What is needed is an exact copy of the lines in the listing below, from the one with "Мәдрәсәдә татар дин" up to and including the one with "Photo 4 from", with no other lines.

**Dataset records:**
================================
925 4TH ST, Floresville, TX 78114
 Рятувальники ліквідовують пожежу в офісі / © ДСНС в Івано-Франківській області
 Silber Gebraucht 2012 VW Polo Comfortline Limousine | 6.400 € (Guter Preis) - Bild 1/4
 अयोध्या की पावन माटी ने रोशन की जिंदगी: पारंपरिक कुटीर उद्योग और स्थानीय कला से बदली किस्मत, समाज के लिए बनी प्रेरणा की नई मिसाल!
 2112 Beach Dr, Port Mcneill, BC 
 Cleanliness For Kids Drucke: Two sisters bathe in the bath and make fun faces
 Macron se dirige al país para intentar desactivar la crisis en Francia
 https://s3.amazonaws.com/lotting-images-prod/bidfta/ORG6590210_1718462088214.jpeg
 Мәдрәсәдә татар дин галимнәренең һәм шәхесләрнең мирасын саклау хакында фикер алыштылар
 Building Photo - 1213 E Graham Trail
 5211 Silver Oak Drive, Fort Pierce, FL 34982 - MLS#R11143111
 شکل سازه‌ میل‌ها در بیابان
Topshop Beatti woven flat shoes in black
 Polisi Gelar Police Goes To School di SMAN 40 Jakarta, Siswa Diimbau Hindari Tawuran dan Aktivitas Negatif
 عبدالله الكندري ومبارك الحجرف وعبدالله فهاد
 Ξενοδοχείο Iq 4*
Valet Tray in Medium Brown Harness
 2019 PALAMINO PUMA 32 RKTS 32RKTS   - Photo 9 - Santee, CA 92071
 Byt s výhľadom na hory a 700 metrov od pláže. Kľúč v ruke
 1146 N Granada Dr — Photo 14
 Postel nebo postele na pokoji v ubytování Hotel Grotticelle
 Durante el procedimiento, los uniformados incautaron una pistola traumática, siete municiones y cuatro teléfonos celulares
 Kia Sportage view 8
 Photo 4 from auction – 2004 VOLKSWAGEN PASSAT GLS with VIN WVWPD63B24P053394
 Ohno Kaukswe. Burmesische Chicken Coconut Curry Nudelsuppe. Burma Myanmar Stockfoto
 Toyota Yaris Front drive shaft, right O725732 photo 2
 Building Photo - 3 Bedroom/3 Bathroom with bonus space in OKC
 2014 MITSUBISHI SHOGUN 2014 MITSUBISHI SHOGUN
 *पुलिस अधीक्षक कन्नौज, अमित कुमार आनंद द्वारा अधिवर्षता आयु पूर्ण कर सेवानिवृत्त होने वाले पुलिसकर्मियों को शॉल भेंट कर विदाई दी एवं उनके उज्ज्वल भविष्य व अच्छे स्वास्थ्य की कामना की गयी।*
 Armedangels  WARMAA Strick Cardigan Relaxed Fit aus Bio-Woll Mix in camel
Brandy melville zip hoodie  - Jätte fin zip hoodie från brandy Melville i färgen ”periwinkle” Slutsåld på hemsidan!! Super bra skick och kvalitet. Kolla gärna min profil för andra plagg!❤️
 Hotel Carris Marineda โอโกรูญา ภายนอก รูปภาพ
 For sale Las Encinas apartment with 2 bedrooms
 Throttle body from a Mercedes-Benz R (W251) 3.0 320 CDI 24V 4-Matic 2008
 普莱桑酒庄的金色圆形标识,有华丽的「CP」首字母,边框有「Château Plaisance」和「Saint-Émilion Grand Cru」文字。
================================
**Result of the task:**
 Мәдрәсәдә татар дин галимнәренең һәм шәхесләрнең мирасын саклау хакында фикер алыштылар
 Building Photo - 1213 E Graham Trail
 5211 Silver Oak Drive, Fort Pierce, FL 34982 - MLS#R11143111
 شکل سازه‌ میل‌ها در بیابان
Topshop Beatti woven flat shoes in black
 Polisi Gelar Police Goes To School di SMAN 40 Jakarta, Siswa Diimbau Hindari Tawuran dan Aktivitas Negatif
 عبدالله الكندري ومبارك الحجرف وعبدالله فهاد
 Ξενοδοχείο Iq 4*
Valet Tray in Medium Brown Harness
 2019 PALAMINO PUMA 32 RKTS 32RKTS   - Photo 9 - Santee, CA 92071
 Byt s výhľadom na hory a 700 metrov od pláže. Kľúč v ruke
 1146 N Granada Dr — Photo 14
 Postel nebo postele na pokoji v ubytování Hotel Grotticelle
 Durante el procedimiento, los uniformados incautaron una pistola traumática, siete municiones y cuatro teléfonos celulares
 Kia Sportage view 8
 Photo 4 from auction – 2004 VOLKSWAGEN PASSAT GLS with VIN WVWPD63B24P053394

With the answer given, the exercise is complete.